WHAT TO PRODUCE
From the entries below, pull out each line where "venda" appears.
= = = = = = =
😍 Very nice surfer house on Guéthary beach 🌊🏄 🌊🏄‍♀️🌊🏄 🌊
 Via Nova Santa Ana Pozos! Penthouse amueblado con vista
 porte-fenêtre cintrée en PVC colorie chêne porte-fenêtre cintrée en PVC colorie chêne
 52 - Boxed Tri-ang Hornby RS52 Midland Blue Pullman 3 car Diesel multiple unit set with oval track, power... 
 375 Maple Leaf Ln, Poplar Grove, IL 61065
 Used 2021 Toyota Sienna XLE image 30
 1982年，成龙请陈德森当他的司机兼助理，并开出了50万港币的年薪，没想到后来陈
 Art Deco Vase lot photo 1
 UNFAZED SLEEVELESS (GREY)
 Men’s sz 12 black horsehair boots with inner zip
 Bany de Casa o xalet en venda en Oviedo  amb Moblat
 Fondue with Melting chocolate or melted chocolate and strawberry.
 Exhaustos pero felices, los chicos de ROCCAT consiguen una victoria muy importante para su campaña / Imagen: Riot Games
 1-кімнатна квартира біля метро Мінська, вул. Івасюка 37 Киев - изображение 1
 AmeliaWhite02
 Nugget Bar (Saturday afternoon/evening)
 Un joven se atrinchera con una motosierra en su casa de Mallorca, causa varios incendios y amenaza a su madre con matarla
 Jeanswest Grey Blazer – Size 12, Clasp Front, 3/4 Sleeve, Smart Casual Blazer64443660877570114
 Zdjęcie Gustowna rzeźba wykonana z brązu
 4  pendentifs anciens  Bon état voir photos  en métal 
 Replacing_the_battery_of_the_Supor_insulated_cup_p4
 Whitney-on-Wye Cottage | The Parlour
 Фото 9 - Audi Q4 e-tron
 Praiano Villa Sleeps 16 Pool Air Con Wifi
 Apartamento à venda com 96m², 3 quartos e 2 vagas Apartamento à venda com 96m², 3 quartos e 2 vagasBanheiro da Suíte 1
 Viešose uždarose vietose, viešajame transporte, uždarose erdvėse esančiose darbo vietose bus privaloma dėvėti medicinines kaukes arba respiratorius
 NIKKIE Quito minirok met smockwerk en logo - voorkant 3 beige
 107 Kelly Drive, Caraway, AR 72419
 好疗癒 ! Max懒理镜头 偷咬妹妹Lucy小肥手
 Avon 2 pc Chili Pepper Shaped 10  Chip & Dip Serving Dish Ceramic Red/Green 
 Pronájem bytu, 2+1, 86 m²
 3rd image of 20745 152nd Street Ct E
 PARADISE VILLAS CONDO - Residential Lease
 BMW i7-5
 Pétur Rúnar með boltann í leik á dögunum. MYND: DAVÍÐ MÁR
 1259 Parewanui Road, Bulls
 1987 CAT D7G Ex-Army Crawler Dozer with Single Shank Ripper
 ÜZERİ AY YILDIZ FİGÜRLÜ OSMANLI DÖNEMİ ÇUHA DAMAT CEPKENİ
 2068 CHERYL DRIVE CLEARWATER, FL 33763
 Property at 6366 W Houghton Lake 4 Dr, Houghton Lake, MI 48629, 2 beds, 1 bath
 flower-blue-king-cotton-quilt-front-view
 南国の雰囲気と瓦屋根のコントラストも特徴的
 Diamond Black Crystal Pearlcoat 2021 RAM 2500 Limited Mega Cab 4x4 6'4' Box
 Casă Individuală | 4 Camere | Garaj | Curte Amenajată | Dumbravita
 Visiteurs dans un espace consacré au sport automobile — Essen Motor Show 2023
= = = = = = =
ANSWER TO THIS EXERCISE
 Bany de Casa o xalet en venda en Oviedo  amb Moblat
 Apartamento à venda com 96m², 3 quartos e 2 vagas Apartamento à venda com 96m², 3 quartos e 2 vagasBanheiro da Suíte 1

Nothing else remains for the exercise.